Antwoord van Minister Van Weel (Justitie en Veiligheid) (ontvangen 18 december 2024).
Zie ook Aanhangsel Handelingen, vergaderjaar 2024–2025, nr. 838.
Vraag 1
Bent u bekend met het bericht dat de politie meldingen van antisemitisme zeven keer
vaker doorstuurt naar het Openbaar Ministerie (OM) dan meldingen van discriminatie
op grond van herkomst, beperking, leeftijd, religie of gender?1
Antwoord 1
Ja, hier ben ik mee bekend.
Vraag 2
Hoe beoordeelt u de conclusie dat deze ongelijke uitkomst van discriminatie-incidenten
een «directe bedreiging» vormt «voor de fundamenten van de rechtsstaat», zoals gesteld
door Controle Alt Delete? Zo nee, waarom niet?
Antwoord 2
Die conclusie vind ik voorbarig. Zoals op de website van Controle Alt Delete ook wordt
aangegeven, is er geen duidelijke verklaring voor de verschillen in percentages. Deze
verschillen kunnen door verschillende factoren ontstaan, bijvoorbeeld het verschil
tussen een melding en een aangifte. Daarnaast is in de cijferrapportage van het OM
«Strafbare Discriminatie in beeld 2023» aangegeven dat er sprake was van een uitzonderlijk
sterke stijging van antisemitismezaken in 2023, vanwege de grote hoeveelheid voetbalzaken
die instroomden.2 Dit zijn zaken waarbij het over het algemeen groepsbelediging betreft. Vanwege het
openbare karakter hiervan is de strafbaarheid makkelijker te bewijzen.
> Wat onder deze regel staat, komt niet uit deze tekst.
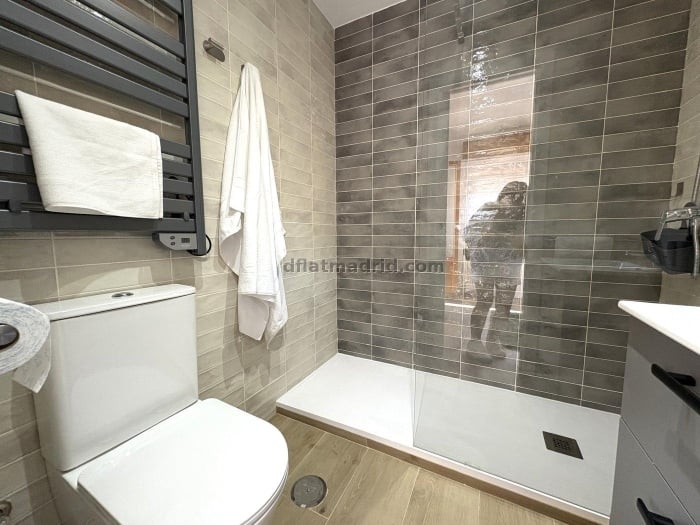 Room in Segovia of 1 Bedroom #2086 in Segovia
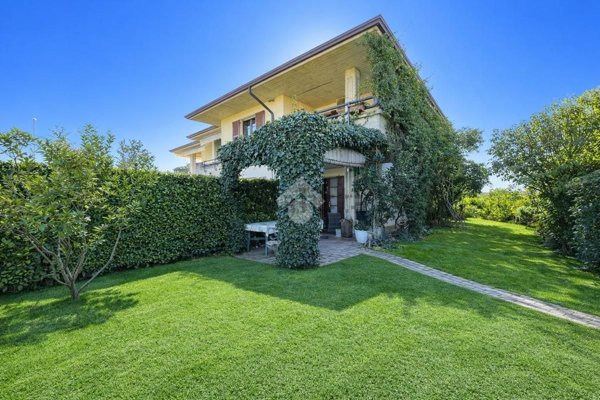 casa indipendente in vendita a Pozzolengo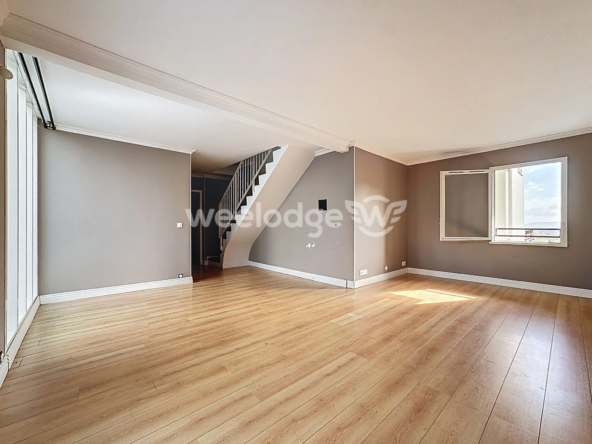À vendre duplex lumineux et spacieux à Andrésy avec terrasse et balcon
Ook dat kan
een vertekend beeld van de percentages geven.
Net als de politie en het Openbaar Ministerie, neem ik elke vorm van discriminatie
even serieus. Daarbij kent elke vorm van discriminatie zijn eigen uitdagingen in de
aanpak. De discriminatiegrond speelt hierbij geen onderscheidende rol.
Vraag 3
Kunt u toelichten waarom de politie meldingen van antisemitisme opvallend vaker doorstuurt
naar het OM dan meldingen van andere vormen van discriminatie? Zijn er beleidsregels
of prioriteiten die hieraan ten grondslag liggen?
Antwoord 3
De stelling die uit de eerste vraag – namelijk dat de politie meldingen van antisemitisme
vaker door zou sturen naar het Openbaar Ministerie dan andere vormen van discriminatie –
vind ik voorbarig en onderschrijf ik niet. Die conclusie kan niet worden getrokken
op basis van de cijfers van OM en Politie, omdat die cijfers niet goed te vergelijken
zijn.
In het artikel wordt gerefereerd aan de jaarlijkse publicatie van de discriminatiecijfers
van politie en antidiscriminatievoorzieningen en andere organisaties.3 In hoofdstuk 1 van dit rapport wordt de omschrijving en de interpretatie van de cijfers
uitgelegd. Hierin wordt ook het verschil uitgelegd tussen een melding en aangifte.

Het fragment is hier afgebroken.